In addition to improving genome assembly (Phillippy, 2017), long-read sequencing data can be used to improve genome annotation. The use of single-molecule cDNA sequencing can increase the accuracy of automated genome annotation by improving genome mapping of sequencing data, correctly identifying intron-exon boundaries, directly identifying alternatively spliced transcripts, identifying transcription start and end sites, and providing precise strand orientation to single-exon genes (Minoche et al., 2015; Abdel-Ghany et al., 2016; Wang et al., 2016). However, several hurdles limit the implementation of long-read sequencing data into automated genome annotation, such as the higher per-base costs when compared to short-read data, the relatively high error rates for long-read sequencing technologies, and the lack of bioinformatics tools to integrate long-read data into current annotation pipelines (Faino and Thomma, 2014; Laver et al., 2015). The first two limitations are addressed by the continual reduction in sequencing cost and improved base calling by long-read sequencing providers and the development of bioinformatics methods to correct for sequencing errors (Loman et al., 2015; Laehnemann et al., 2016). To address the disconnect between genome annotation pipelines and the latest sequencing technologies, we developed the long-read annotation (LoReAn) pipeline. LoReAn is an automated annotation pipeline that takes full advantage of MinION or PacBio SMRT long-read sequencing data in combination with protein evidence and ab initio gene predictions for full-genome annotation. Short-read RNA-seq can be used in LoReAn to train ab initio software. Based on the reannotation of two fungal and two plant species, we demonstrate that LoReAn can provide annotations with increased accuracy by incorporating single-molecule cDNA sequencing data from different sequencing platforms.

RESULTS

LoReAn Design and Implementation

The LoReAn pipeline can be conceptualized in two phases. The first phase involves genome annotation based on ab initio and evidence-based predictions (Fig. 1A; blue arrows) and largely follows the workflow previously described in the BAP (Haas et al., 2008, 2011). This first phase produces a full-genome annotation and requires the minimum input of a reference genome, protein sequence of known and, possibly, related species, and a species name from the Augustus prediction software database (Stanke et al., 2008). We implemented two changes into the first phase of LoReAn, which we refer to as BAP+. First, LoReAn used RNA-seq reads as input in combination with the BRAKER1 software (Hoff et al., 2016) to produce a species-specific database for the Augustus prediction software. Additionally, RNA-seq data were assembled into full-length cDNA using Trinity software (Grabherr et al., 2011), and the assembled transcripts were aligned to the genome using both the program to assemble spliced alignments (PASA; Haas et al., 2008) and the genomic mapping and alignment program (GMAP; Wu and Watanabe, 2005). The output of PASA software was passed to the Evidence modeler (EVM; Haas et al., 2008) as cDNA evidence while the output of GMAP was given to EVM as ab initio evidence.

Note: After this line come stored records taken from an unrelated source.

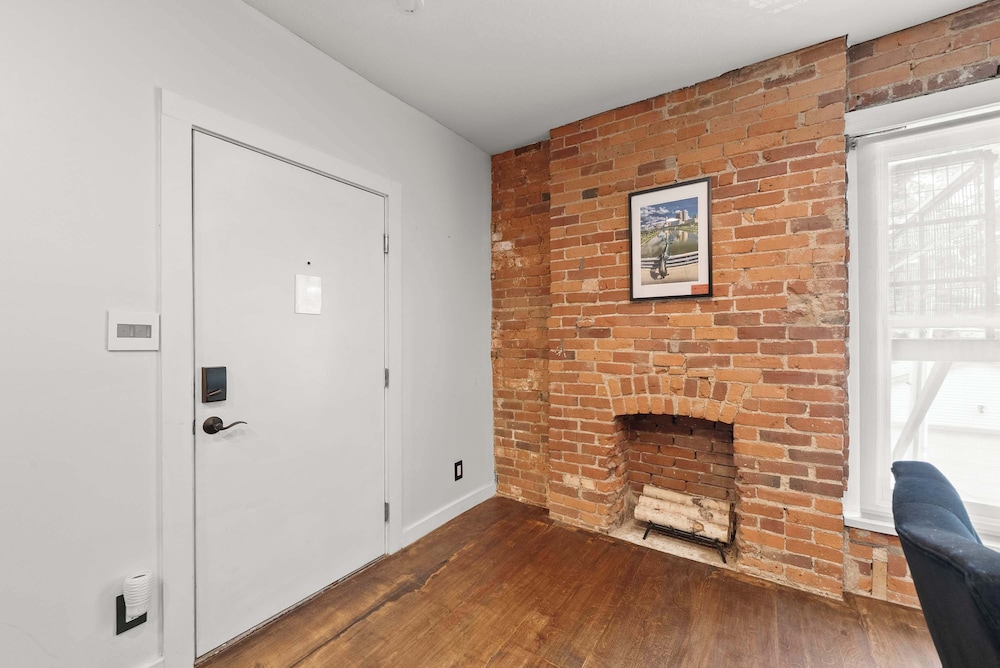 Short North Lounge Stay for 2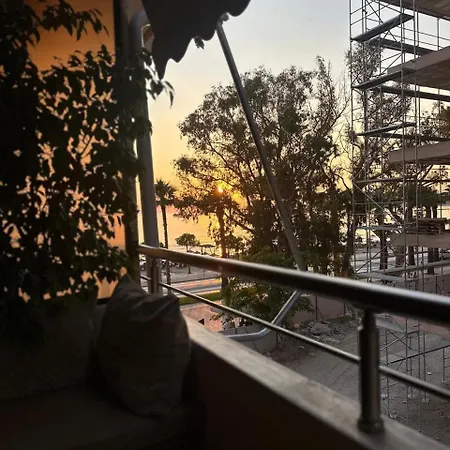 Breezy Lungomare Apartament *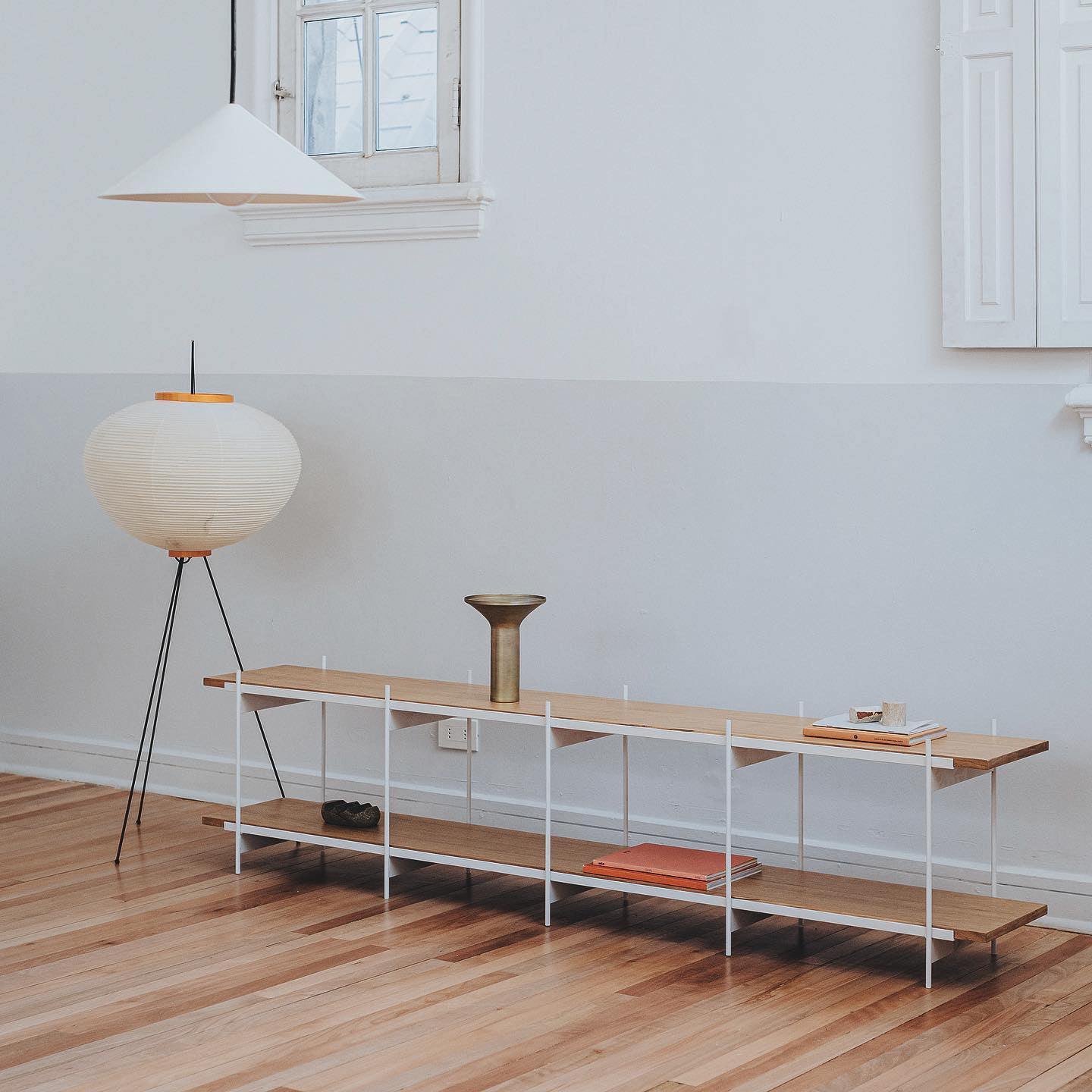 Lampadaire sculptural Taellella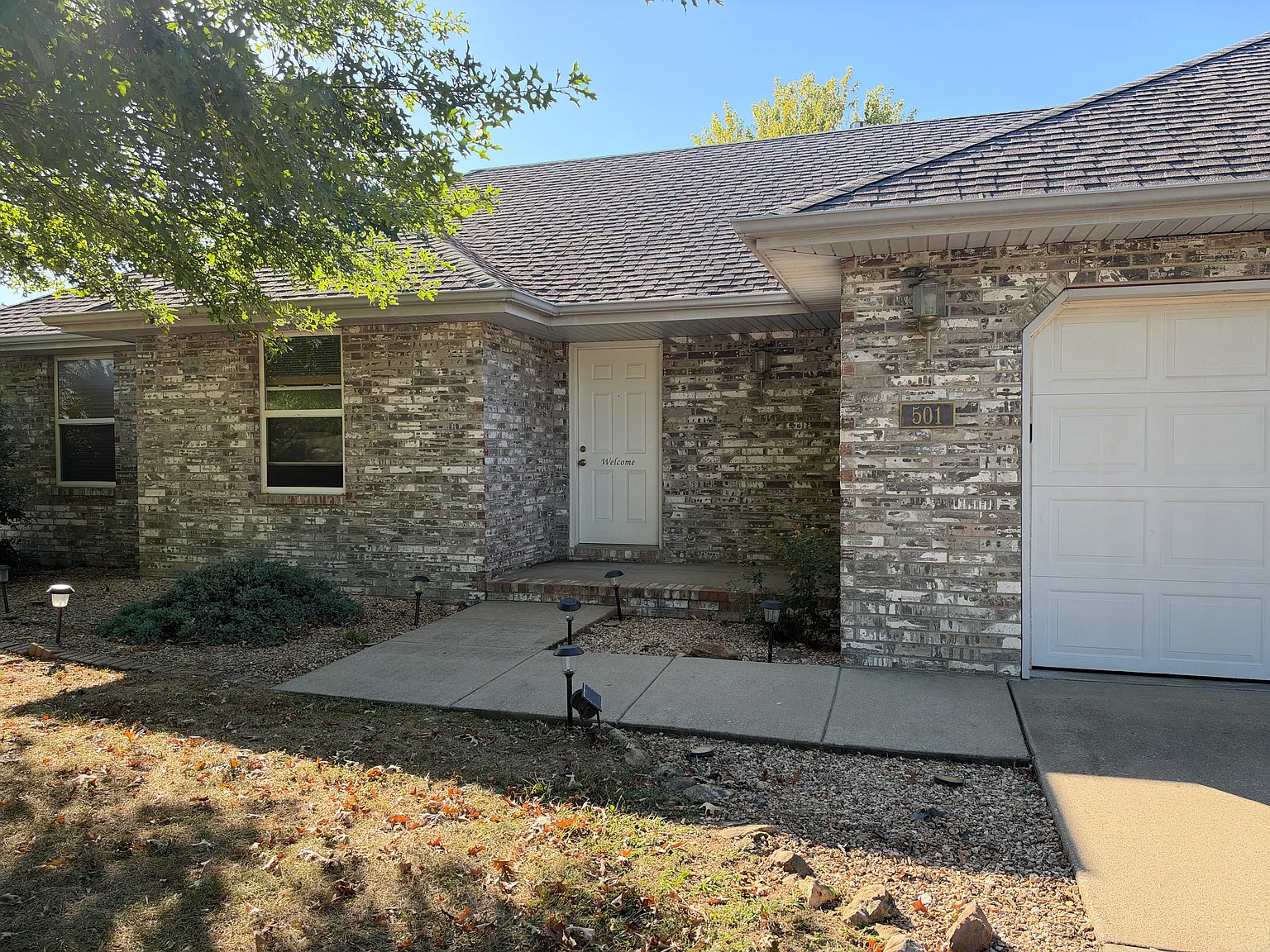 3 bed, 1700 sqft, $1,795 — Photo 2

Figure 1. — Schematic overview of the LoReAn pipeline and clustered transcript reconstruction. A, Illustration of the computational workflow for the LoReAn pipeline. Gray boxes represent input data, and each white box represents a step in the annotation process with mention of the specific software. The boxes connected by blue arrows integrate the steps from the previously described BAP, described in the text as phase one of LoReAn (Haas et al., 2008). The LoReAn pipeline (boxes connected by red arrows) integrates the BAP workflow but additionally incorporates long-read sequencing data, described in the text as phase two of LoReAn. The blue box, “BAP annotation,” represents the annotation results from the BAP pipeline used for comparison in this study, while the orange box “LoReAn annotation” represents the annotation results from the LoReAn pipeline using long-read sequencing data. Dashed arrows represent optional steps for the pipeline. B, Illustration of the clustered transcript reconstruction. Gene models are depicted as exons (boxes) and connecting introns (lines). Blue models represent BAP annotations, while red models represent hypothetical long reads mapped to the genome. Orange models represent consensus annotations reported in the final LoReAn output. Various scenarios can occur: (i) High-confidence predictions from the BAP are kept regardless of whether they are supported by long reads. (ii and iii) Clusters of mapped long reads are used to generate a consensus prediction model, unless the model is supported by less than a user-defined minimum depth. (iv) Overlapping BAP and mapped long reads are combined to a consensus model. (v) Two annotations are reported if no consensus can be reached for the BAP and clustered long-read data.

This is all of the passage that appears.